Biochar can extract pollutants like metals and metalloids or dissolved organic carbon (DOC) in stormwater, increasing the soil’s water and nutrients capacity and resulting in remediating soil contaminants. The removal of pollutants is done by increasing the soil’s hydraulic conductivity and reducing the peak flow of stormwater.
- Metal Removal
- Contaminants of Emerging Concern (CECs)/Organic pollutant removal
- Nutrients removal by biochar
- Downspout filter boxes
- Bioswales and rain gardens
- Infiltration trenches
Therefore, biochar has great potential to be implemented in a stormwater management system from environmental and economic perspectives. For example, it can be used as a filter media to remove new and already-established contaminants. In addition, biochar has excellent potential as a Low Impact Development (LID) material in planting cells since the township utilizes a variety of LID solutions in new neighbourhoods, depending on the characteristics of the specific development.
Agriculture uses for Biochar
Basic biochar applications include drinking water filtration, sanitation of human and kitchen wastes, and as composting agents. All these applications have been documented in many different pre-industrial developments. However, biochar should only be worked into the soil at the end of such “cascades,” keeping in mind that some biochar uses – for cleaning up metal or chemical contamination – would render the biochar unsuitable for agricultural soils and need different recycling pathways.

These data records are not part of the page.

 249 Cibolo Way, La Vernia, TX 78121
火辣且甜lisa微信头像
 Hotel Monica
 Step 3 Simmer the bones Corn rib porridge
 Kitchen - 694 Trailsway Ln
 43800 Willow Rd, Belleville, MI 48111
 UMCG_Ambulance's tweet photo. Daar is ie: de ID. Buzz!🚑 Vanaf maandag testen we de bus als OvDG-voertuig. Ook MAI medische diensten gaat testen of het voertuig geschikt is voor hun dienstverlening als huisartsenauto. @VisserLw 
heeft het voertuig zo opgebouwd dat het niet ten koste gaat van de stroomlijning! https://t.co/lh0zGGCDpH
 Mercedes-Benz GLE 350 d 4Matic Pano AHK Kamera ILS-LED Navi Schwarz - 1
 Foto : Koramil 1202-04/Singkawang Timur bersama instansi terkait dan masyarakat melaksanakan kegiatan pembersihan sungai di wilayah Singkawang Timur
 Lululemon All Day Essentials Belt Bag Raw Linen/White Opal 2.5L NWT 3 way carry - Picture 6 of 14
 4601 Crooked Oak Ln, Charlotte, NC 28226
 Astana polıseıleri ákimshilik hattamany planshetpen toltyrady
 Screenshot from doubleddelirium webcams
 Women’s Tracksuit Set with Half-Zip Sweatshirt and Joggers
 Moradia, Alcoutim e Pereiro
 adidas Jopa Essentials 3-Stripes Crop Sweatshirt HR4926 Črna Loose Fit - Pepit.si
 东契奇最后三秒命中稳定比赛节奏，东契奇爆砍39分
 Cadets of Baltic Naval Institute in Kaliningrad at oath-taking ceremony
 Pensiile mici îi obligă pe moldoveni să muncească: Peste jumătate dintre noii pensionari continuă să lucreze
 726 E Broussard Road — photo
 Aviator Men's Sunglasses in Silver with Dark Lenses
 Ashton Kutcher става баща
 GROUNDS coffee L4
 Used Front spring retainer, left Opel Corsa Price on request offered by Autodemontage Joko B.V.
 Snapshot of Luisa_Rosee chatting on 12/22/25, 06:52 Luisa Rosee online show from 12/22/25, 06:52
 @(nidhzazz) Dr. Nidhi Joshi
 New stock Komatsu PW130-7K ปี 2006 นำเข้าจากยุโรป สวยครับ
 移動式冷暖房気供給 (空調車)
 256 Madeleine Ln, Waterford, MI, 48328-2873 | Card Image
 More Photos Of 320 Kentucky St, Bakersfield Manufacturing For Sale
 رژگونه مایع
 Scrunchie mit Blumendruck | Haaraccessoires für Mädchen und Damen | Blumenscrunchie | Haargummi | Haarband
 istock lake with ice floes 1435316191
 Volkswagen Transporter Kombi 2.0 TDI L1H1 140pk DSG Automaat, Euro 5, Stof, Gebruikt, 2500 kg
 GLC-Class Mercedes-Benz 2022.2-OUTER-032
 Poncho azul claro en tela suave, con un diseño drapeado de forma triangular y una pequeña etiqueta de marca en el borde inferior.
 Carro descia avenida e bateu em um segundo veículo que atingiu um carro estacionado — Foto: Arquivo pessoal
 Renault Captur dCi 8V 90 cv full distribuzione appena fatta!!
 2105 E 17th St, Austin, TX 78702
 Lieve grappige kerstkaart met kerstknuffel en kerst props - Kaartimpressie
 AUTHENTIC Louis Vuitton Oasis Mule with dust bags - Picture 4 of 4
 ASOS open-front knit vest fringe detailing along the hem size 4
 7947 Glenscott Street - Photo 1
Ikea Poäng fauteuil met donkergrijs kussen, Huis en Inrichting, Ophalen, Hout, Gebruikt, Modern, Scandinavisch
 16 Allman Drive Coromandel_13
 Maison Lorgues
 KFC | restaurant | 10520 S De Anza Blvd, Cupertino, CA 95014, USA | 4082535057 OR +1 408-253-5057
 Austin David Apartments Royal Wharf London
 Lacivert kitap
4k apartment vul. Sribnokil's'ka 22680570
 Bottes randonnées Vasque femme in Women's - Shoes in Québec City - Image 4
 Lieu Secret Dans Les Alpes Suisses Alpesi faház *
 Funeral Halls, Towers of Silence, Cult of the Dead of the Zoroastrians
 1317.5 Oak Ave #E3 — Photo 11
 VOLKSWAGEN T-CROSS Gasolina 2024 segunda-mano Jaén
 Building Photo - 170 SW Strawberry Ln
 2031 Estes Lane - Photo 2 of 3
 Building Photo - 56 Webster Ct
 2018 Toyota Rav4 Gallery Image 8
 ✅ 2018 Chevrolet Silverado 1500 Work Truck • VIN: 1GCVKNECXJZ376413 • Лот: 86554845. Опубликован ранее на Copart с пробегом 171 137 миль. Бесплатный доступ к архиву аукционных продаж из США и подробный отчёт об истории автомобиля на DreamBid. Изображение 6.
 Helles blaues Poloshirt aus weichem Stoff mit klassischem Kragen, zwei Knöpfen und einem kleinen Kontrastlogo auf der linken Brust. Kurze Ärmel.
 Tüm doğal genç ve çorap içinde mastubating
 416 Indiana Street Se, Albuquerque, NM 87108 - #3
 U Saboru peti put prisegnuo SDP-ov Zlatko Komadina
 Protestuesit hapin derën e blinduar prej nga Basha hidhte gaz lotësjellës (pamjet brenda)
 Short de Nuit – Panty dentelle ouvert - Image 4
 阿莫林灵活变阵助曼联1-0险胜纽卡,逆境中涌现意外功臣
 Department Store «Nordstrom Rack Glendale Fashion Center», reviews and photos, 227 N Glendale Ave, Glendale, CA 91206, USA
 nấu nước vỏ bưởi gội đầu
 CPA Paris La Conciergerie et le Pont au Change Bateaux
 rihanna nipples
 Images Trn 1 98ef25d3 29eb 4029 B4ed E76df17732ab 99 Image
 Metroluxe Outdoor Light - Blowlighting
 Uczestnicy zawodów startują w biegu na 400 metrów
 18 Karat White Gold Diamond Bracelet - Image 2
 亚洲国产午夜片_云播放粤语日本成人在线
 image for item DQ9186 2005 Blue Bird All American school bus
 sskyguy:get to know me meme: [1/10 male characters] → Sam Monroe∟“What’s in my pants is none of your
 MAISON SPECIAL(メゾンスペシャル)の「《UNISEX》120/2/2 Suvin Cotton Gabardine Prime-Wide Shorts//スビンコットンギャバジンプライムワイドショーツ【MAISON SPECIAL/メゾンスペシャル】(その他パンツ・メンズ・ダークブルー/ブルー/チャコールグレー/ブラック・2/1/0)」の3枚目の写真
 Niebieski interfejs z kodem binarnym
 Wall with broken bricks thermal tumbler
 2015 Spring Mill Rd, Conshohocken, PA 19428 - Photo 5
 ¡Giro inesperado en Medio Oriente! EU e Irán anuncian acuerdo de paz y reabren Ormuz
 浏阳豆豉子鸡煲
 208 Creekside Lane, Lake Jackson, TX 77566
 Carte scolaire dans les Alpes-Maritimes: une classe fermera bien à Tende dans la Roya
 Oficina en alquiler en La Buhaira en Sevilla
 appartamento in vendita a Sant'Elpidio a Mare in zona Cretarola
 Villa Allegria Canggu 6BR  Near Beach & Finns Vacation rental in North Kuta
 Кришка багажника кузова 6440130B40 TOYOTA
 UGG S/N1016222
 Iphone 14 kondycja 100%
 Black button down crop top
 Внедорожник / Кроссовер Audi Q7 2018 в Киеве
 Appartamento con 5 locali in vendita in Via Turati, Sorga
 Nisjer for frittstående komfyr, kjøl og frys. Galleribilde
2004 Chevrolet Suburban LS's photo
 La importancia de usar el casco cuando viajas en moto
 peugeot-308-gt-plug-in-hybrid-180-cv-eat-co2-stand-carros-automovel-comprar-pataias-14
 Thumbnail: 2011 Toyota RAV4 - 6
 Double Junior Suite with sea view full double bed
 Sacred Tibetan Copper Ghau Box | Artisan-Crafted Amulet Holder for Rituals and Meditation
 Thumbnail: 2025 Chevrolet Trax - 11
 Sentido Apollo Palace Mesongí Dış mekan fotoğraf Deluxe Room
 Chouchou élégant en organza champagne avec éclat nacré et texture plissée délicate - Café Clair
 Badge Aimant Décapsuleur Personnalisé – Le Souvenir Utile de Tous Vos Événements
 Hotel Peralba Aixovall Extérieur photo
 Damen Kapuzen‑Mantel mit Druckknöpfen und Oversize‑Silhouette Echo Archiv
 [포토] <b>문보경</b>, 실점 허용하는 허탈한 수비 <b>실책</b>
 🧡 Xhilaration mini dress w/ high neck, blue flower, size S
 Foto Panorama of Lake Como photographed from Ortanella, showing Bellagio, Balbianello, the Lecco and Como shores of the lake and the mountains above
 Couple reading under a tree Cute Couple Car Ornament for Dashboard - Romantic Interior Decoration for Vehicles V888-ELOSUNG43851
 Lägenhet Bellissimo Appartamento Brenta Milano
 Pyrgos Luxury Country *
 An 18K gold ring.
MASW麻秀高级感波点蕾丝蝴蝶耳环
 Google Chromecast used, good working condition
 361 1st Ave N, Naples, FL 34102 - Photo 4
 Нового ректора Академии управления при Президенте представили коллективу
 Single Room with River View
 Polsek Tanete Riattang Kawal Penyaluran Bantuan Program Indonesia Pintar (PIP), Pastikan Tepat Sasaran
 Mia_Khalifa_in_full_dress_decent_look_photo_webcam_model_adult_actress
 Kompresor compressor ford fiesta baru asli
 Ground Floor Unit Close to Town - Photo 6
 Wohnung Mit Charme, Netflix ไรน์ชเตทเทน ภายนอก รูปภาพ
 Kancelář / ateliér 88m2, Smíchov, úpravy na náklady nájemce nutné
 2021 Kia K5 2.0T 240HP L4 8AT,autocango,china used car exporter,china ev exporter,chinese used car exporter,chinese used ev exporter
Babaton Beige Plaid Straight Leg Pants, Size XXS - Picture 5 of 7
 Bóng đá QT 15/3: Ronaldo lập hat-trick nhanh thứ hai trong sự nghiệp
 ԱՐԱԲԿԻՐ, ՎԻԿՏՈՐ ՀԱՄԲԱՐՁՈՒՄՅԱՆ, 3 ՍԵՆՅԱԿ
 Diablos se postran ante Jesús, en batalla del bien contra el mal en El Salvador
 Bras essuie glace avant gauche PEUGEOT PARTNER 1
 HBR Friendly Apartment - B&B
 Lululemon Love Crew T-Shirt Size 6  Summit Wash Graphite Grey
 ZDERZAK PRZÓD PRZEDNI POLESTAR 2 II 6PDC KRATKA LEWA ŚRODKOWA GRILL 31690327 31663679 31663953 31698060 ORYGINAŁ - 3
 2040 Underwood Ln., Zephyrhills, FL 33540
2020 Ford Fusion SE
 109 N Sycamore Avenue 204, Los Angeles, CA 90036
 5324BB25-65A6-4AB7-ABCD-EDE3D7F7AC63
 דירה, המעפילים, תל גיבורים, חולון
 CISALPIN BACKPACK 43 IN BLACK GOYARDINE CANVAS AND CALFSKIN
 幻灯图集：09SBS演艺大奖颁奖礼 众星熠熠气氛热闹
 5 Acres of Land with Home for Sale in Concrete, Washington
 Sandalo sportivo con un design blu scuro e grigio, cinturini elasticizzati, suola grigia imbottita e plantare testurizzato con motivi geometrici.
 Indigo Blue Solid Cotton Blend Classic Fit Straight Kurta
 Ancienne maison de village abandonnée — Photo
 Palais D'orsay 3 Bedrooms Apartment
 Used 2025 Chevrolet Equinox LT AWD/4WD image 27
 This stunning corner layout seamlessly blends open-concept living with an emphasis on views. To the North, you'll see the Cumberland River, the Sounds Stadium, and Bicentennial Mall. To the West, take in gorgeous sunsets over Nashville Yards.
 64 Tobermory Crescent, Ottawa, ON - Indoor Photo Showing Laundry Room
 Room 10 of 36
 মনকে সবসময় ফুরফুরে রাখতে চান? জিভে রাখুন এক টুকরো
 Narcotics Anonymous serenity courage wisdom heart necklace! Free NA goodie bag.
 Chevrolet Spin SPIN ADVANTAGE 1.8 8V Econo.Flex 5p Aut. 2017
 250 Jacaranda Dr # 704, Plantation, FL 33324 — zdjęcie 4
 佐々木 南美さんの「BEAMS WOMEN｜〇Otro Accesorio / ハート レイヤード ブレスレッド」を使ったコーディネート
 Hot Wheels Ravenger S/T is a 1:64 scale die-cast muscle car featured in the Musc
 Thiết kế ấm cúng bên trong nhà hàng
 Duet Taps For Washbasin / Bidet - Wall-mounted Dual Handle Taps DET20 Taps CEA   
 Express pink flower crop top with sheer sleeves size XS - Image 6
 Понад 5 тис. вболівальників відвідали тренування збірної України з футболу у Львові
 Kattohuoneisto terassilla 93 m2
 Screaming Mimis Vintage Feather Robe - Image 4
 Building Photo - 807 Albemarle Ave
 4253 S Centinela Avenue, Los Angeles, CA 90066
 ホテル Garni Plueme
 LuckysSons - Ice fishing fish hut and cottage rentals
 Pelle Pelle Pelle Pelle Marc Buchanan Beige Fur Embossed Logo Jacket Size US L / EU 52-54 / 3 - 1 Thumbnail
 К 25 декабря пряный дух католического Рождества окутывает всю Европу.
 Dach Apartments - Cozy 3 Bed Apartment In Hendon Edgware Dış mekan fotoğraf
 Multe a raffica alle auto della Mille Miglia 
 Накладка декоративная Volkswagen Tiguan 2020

The cascaded use of biochar in animal farming
- Silage agent,
- Feed additive/supplement,
- Litter additive,
- Slurry treatment,
- Water treatment in fish farming
- Manure composting,
- Soil amendment
A farmer will quickly notice less smell when biochar is used in feeding, litter, or slurry treatment. Used as a feed supplement, the incidence of diarrhea rapidly decreases, feed intake is improved, allergies disappear, and the animals become calmer. Co-composting improves both the biochar and the compost. The resulting compost can be a highly efficient substitute for peat in potting soil, greenhouses, nurseries, and other special cultures.
Use as a soil conditioner
- Carbon fertilizer,
- Compost additive,
- Substitute for peat in potting soil,
- Plant protection,
- Compensatory fertilizer for trace elements
The property of biochar as a carrier for plant nutrients can be exploited to produce organic carbon-based fertilizers by mixing biochar with such organic waste as wool, molasses, ash, slurry, and pomace. This biochar application prevents the leaching of nutrients, a negative aspect of conventional fertilizers. The crucial trace elements found in plants (over 50 metals) become part of the carbon structure and are available to plants via root exudates and microbial symbiosis.